Screening deployment

This guide covers deploying Marble with sanctions and watchlist screening. Screening requires Elasticsearch and two additional services: yente (indexer) and motiva (search engine). Continuous screening adds optional monitoring of internal watchlists.

Prerequisites

Ensure Marble is otherwise running (API server, worker, and database all functional). You'll need:

Elasticsearch (v9+) — standalone or managed service, reachable by yente and motiva
Container orchestration (Kubernetes, Cloud Run, or equivalent) for yente and motiva
Network connectivity between services (Elasticsearch, yente, motiva, Marble backend)

Step 1: Deploy Elasticsearch

Elasticsearch v9+ powers the search backend.
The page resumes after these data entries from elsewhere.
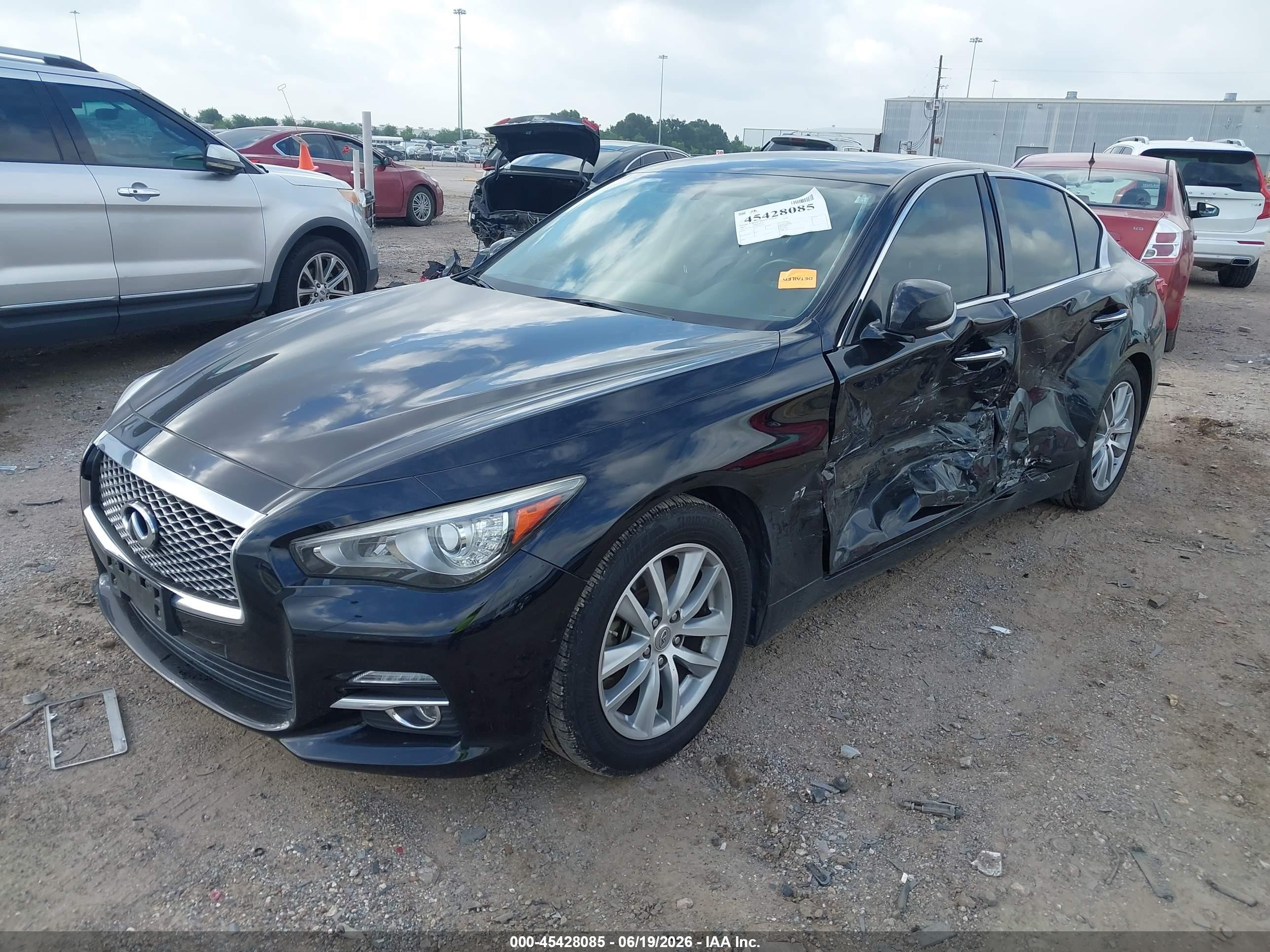 2015 Infiniti Q50 Premium Black vin: JN1BV7AP5FM345530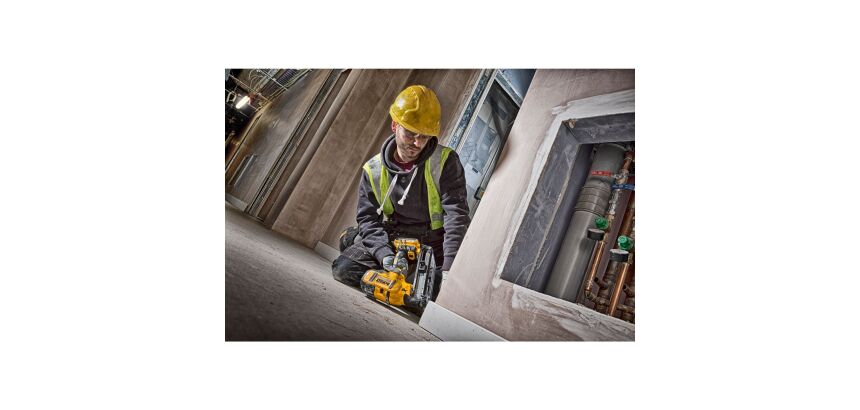 Cloueur de finition sans fil 16 Ga DEWALT XR 18 V 2 Ah Li-ion Brushless + 2 Batteries + 1 Chargeur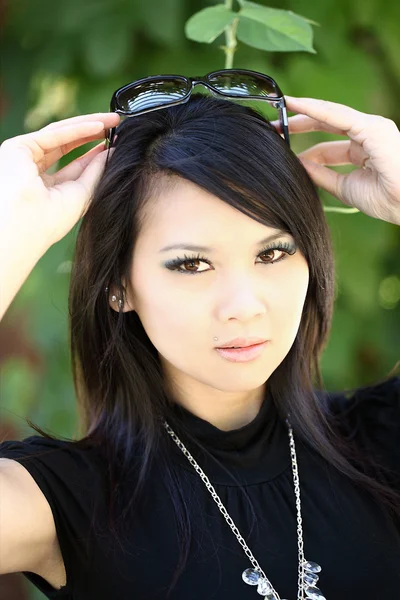 Giovane asiatico americano donna all'aperto ritratto occhiali da sole — Foto Stock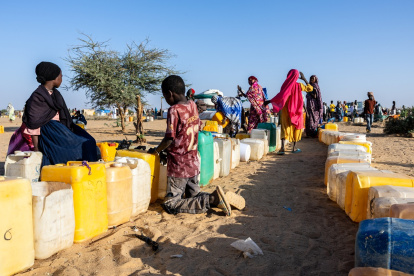 Refugiados sudaneses hacen cola para llenar bidones con agua en el campamento de Oure Cassoni en Chad el 12 de noviembre de 2025.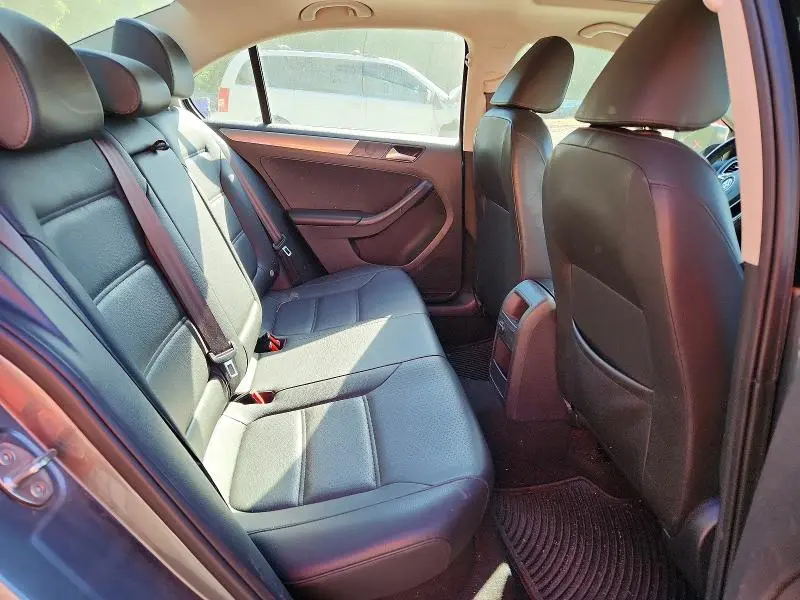 2017 VOLKSWAGEN JETTA SE  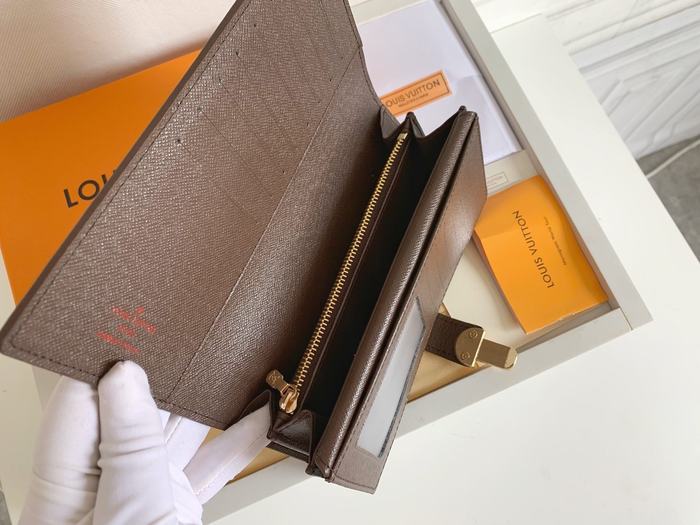 Wallet Louis Vuitton long checkered pattern Brown Size 19x10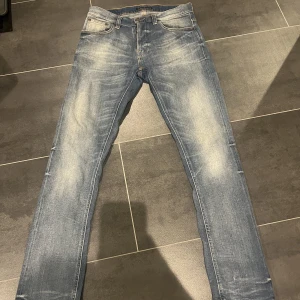 Nudie jeans - Hej jag säljer mina jeans, har inte andvänts pågrund av att dom var för små. 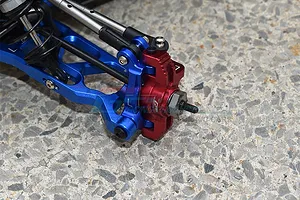 GPM Aluminium Hub Carriers (C-Hubs) 2Pcs - Red image 100801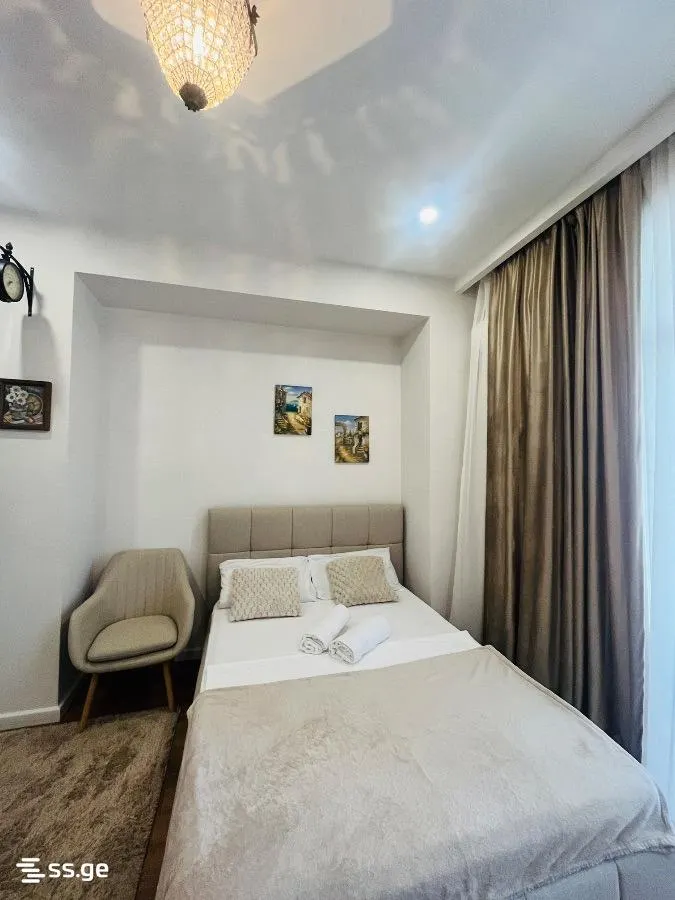 ბინა, 1-ოთახიანი, 40 მ², Pekini Plaza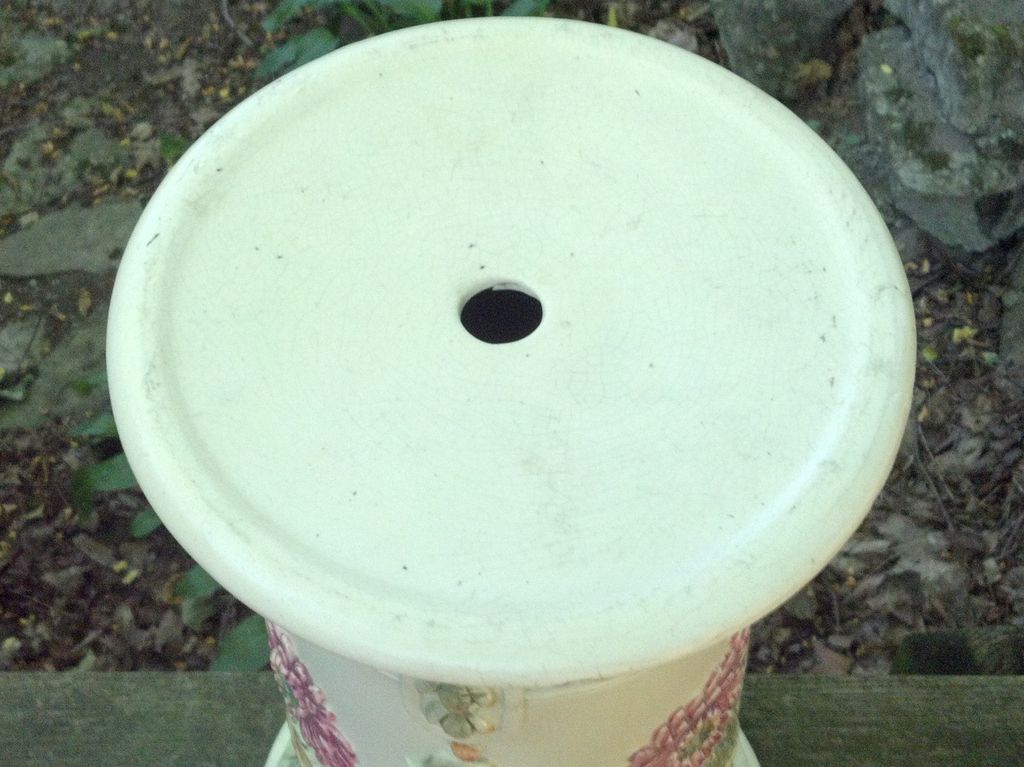 Weller Pottery 16.5" Roma Pedestal in Excellent Condition Weller Pottery 16.5" Roma Pedestal in Excellent Condition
Use a managed service (Elastic Cloud...) or self-host.

OpenSearch Compatibility

We do not provide official support for OpenSearch, but several users have reported no problems running Marble screening with OpenSearch.

Minimum Configuration

Cluster health: Green status with at least 1 node operational
Shards: At least 2 shards recommended for production deployments (YENTE_INDEX_SHARDS=2)
Storage: Allocate sufficient disk space for sanctions data (typically 50GB+)
Memory: 16GB+ heap size recommended

Managed Services

AWS OpenSearch:

Create domain via AWS Console
Enable encryption at rest and in transit
Configure IAM authentication or IP whitelist
Note the domain endpoint and credentials

Elastic Cloud:

Create deployment
Configure security settings
Retrieve credentials for yente and motiva

Verify connectivity:

curl http://elasticsearch:9200/_cluster/health
# Response: {"cluster_name":"elasticsearch","status":"green",...}

With authentication: Generate credentials and note the username/password for yente and motiva configuration.

Step 2: Deploy yente (Indexer)

yente indexes sanctions data into Elasticsearch. Run it as a scheduled job that triggers periodically (every 4-6 hours recommended).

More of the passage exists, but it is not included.